▶ _Work item_: Copy each record exactly and skip its pictures.

▶ _Information given_:
____________________

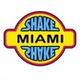 Shake The Radio logo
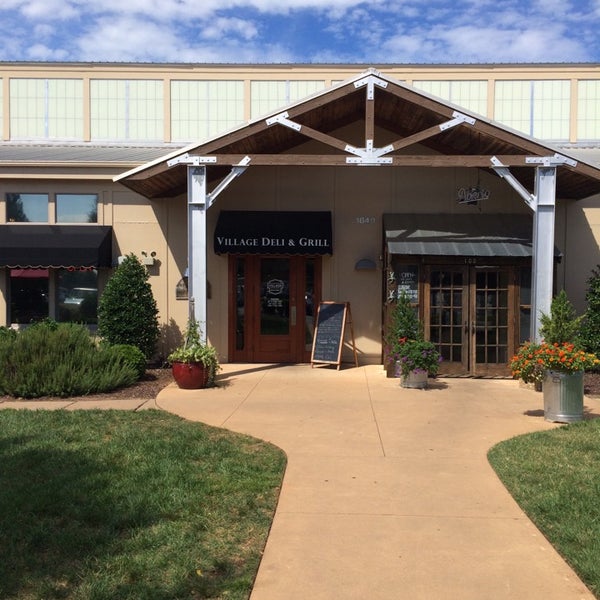 Village Deli and Grill Wake Forest Deli / Bodega in Wake Forest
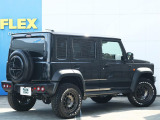 ジムニーノマド 1.5 FC 4WD 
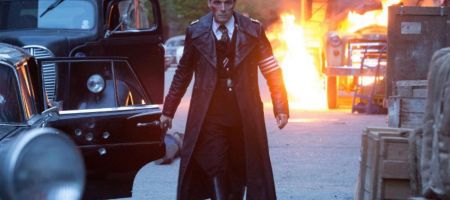 [Critique] The Man In The High Castle, une uchronie effrayante et addictive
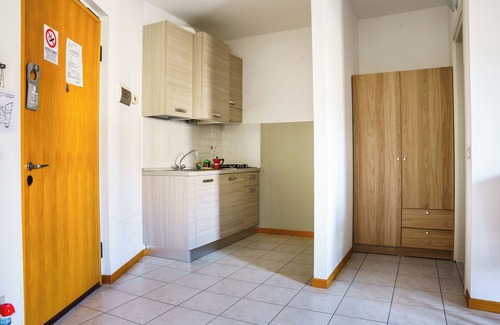 Arezzo Apartment | Studio in the city center with private parking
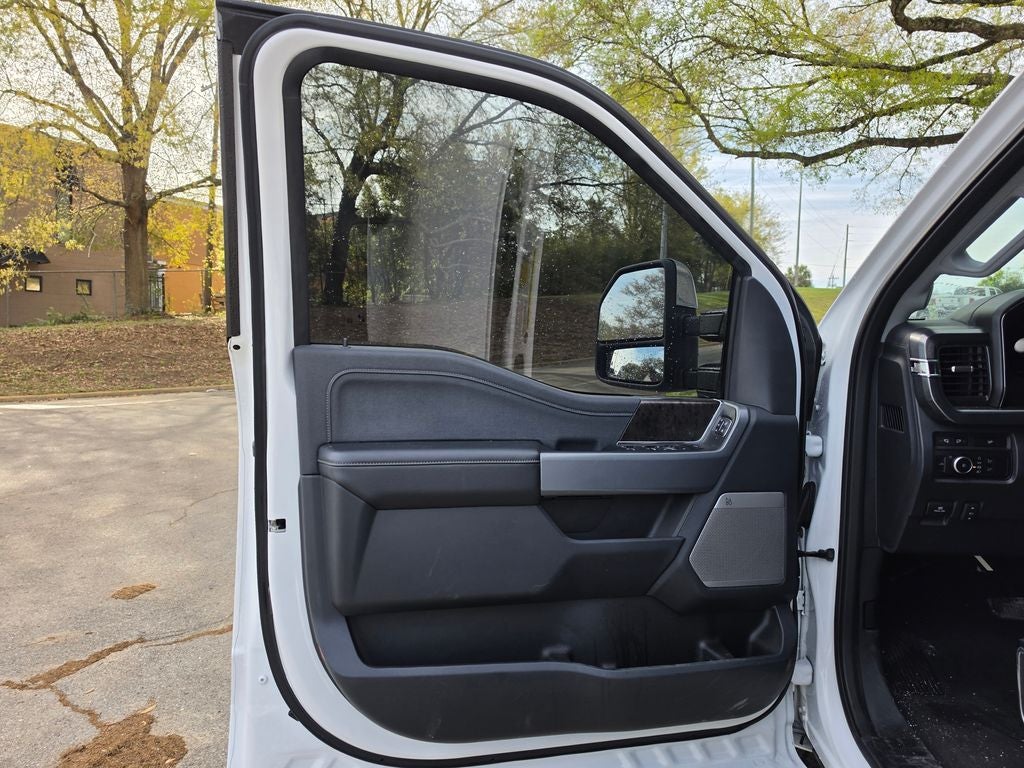 2024 Ford F-250SD Lariat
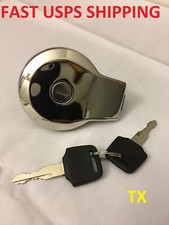 Fuel gas cap for sale  Spring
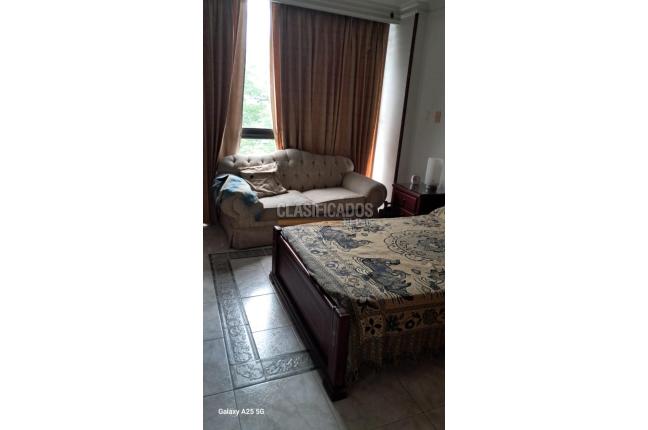 Apartamentos, Venta en Santa Mónica Residencial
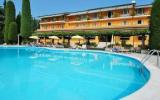Hotel Gardasee: 4 Sterne Hotel Garden In Garda Mit 36 Zimmern, Italienische ...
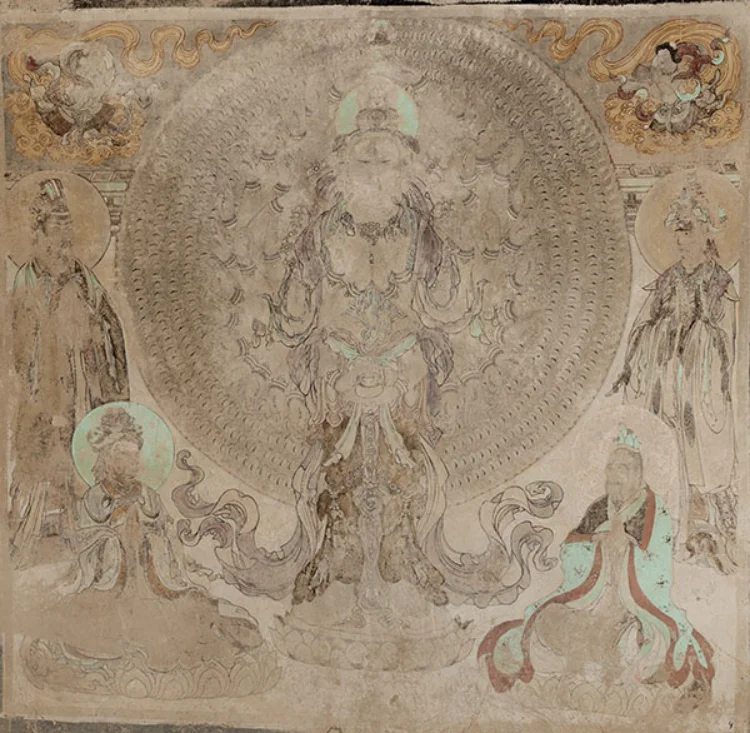 《如是莫高》3小时精讲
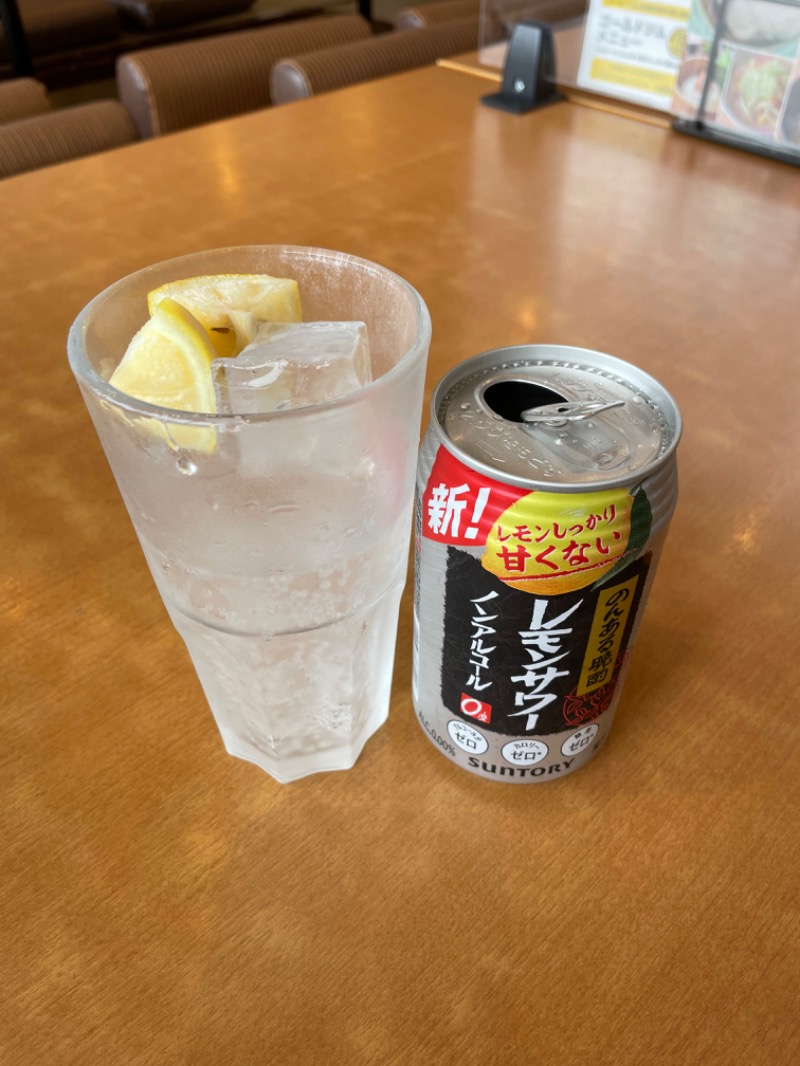 黒もく ◯さんの天然温泉 満天の湯のサ活写真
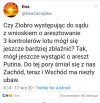 Aresztować lotnisko i brzozę. 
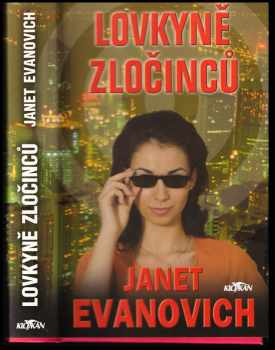 Lovkyně zločinců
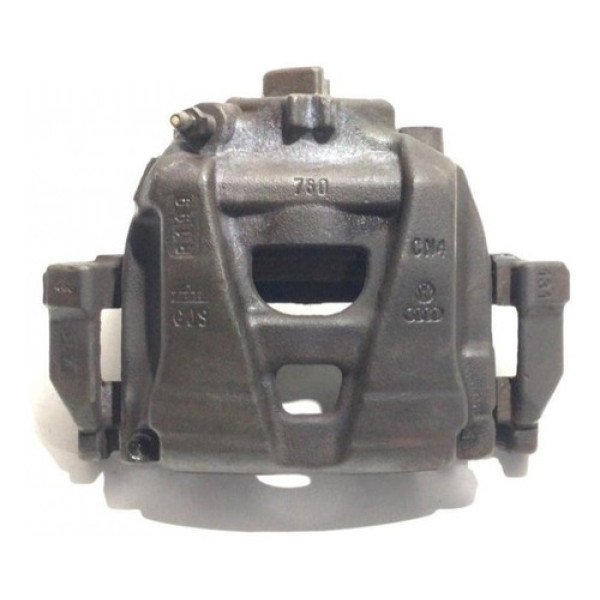 Pinça Freio Diant Direito Audi Q3 2.0 16v Tfsi 2014 A 2018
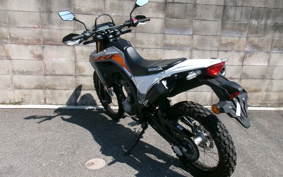 HONDA CRF250L LD MD47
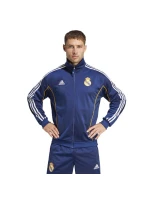 Mikina adidas Real Madrid TT 99 M JW1993 pánské Mikina adidas Real Madrid TT 99 M JW1993 pánské
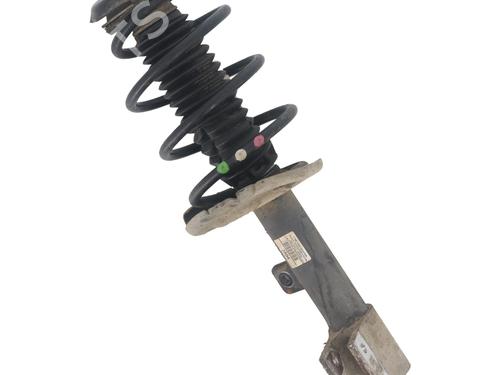 Used Right front shock absorber PEUGEOT 308 I (4A_, 4C_) 1.6 HDi (90 hp) 30655238
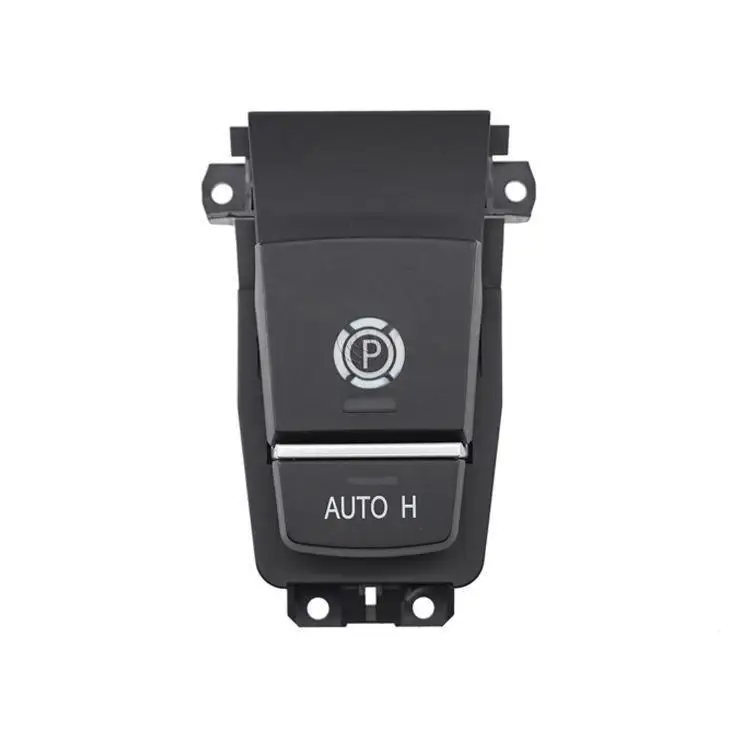 

For BMW F06 F10 F12 Auto Hold Parking Brake Switch Handbrake Switch 61319385029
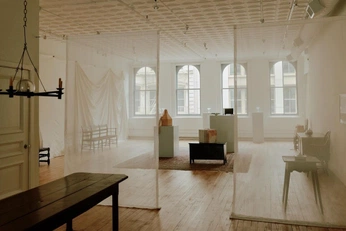 A cover of "mystore" cluster. The owner is 1dynamicflower. The cluster consists of 4 elements.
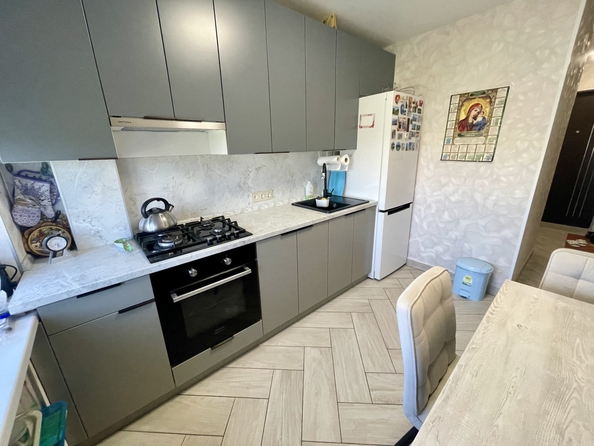 
  Продается 1-комн. квартира, 31.2 м², Стачки пр-кт, д. 219
. Фото 2.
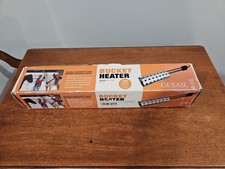 Gesail 1500W Electric Immersion Heater, UL-Listed Bucket Water Heater, 05-742G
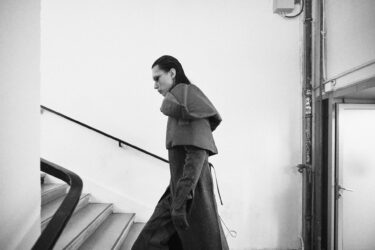 Rick Owens AW2026-27
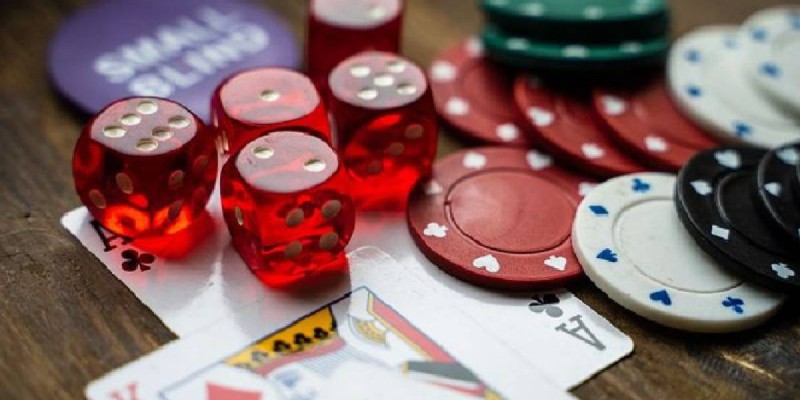Казиноға барған әскери қызметкер 95 млн теңге ұтылған.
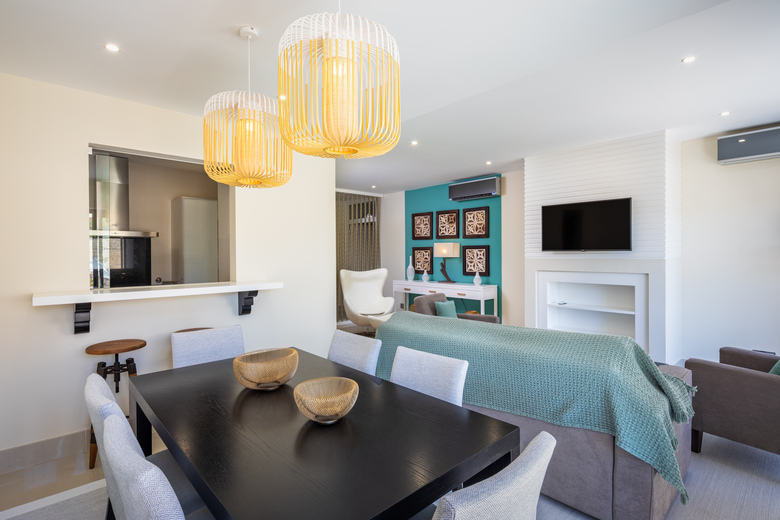 Apartamentos Shantiapartments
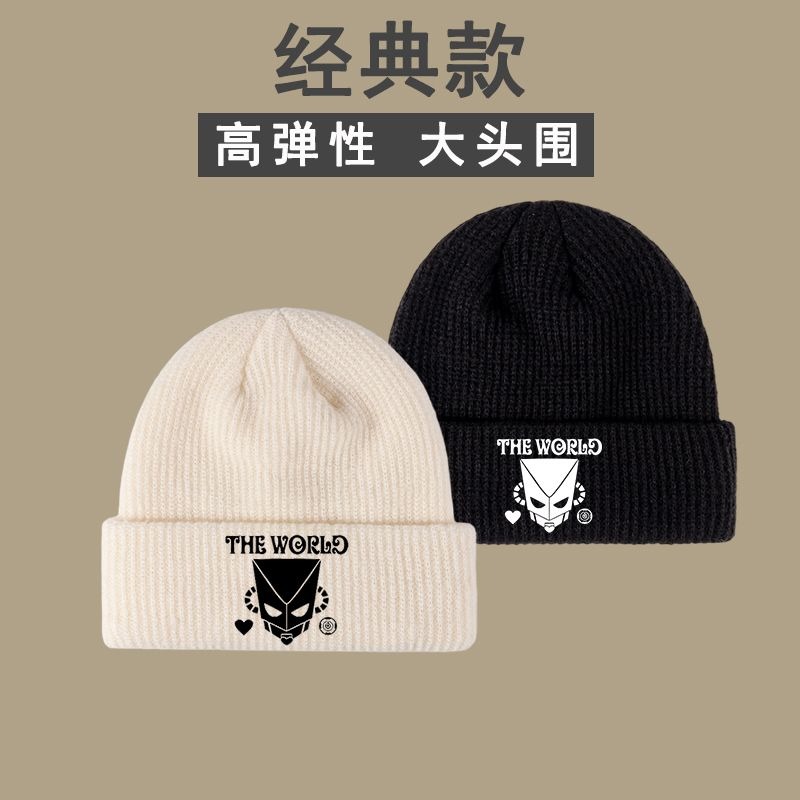 JoJo's Bizarre Adventure Kille - Outdoor Adventure Japan ulasan dan harga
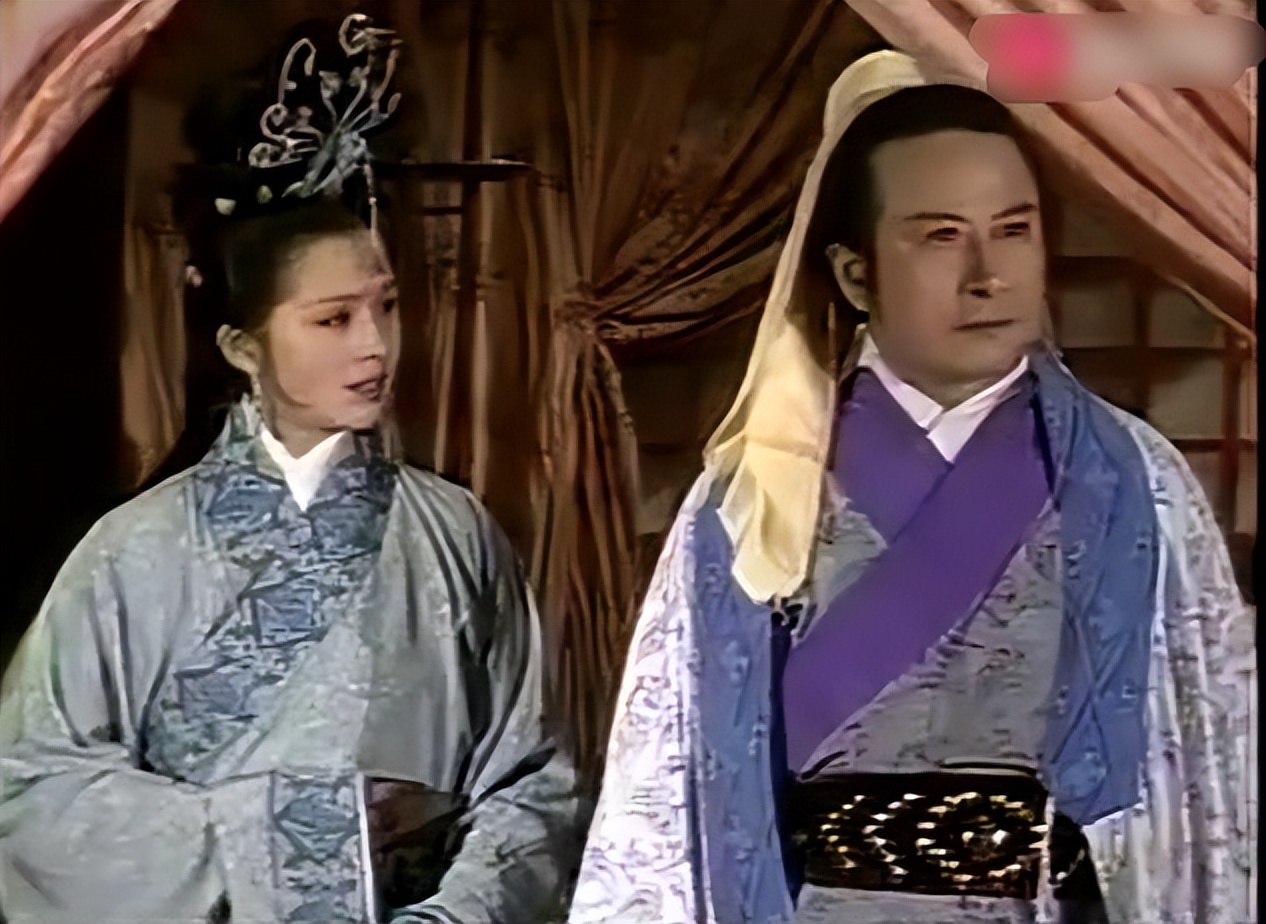 “周瑜”演员江庚辰去世享年83岁,一部戏仅收20,还演活警察形象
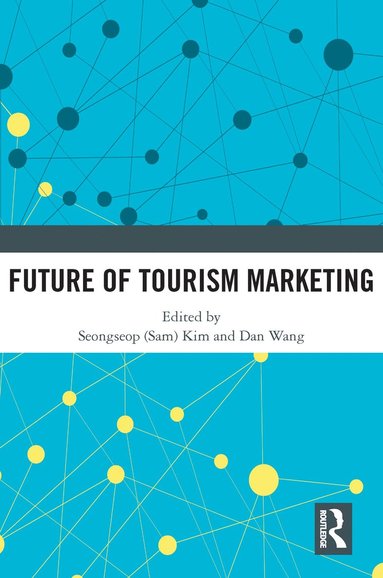 bokomslag Future of Tourism Marketing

____________________

▶ _Task answer_:
 Shake The Radio logo
 Village Deli and Grill Wake Forest Deli / Bodega in Wake Forest
 ジムニーノマド 1.5 FC 4WD 
 [Critique] The Man In The High Castle, une uchronie effrayante et addictive
 Arezzo Apartment | Studio in the city center with private parking
 2024 Ford F-250SD Lariat
 Fuel gas cap for sale  Spring
 Apartamentos, Venta en Santa Mónica Residencial
Hotel Gardasee: 4 Sterne Hotel Garden In Garda Mit 36 Zimmern, Italienische ...
 《如是莫高》3小时精讲
 黒もく ◯さんの天然温泉 満天の湯のサ活写真
 Aresztować lotnisko i brzozę. 
 Lovkyně zločinců
 Pinça Freio Diant Direito Audi Q3 2.0 16v Tfsi 2014 A 2018
 HONDA CRF250L LD MD47
 Mikina adidas Real Madrid TT 99 M JW1993 pánské Mikina adidas Real Madrid TT 99 M JW1993 pánské
 Used Right front shock absorber PEUGEOT 308 I (4A_, 4C_) 1.6 HDi (90 hp) 30655238

For BMW F06 F10 F12 Auto Hold Parking Brake Switch Handbrake Switch 61319385029
 A cover of "mystore" cluster. The owner is 1dynamicflower. The cluster consists of 4 elements.
  Продается 1-комн. квартира, 31.2 м², Стачки пр-кт, д. 219
. Фото 2.
 Gesail 1500W Electric Immersion Heater, UL-Listed Bucket Water Heater, 05-742G
 Rick Owens AW2026-27
Казиноға барған әскери қызметкер 95 млн теңге ұтылған.
 Apartamentos Shantiapartments
 JoJo's Bizarre Adventure Kille - Outdoor Adventure Japan ulasan dan harga
 “周瑜”演员江庚辰去世享年83岁,一部戏仅收20,还演活警察形象
 bokomslag Future of Tourism Marketing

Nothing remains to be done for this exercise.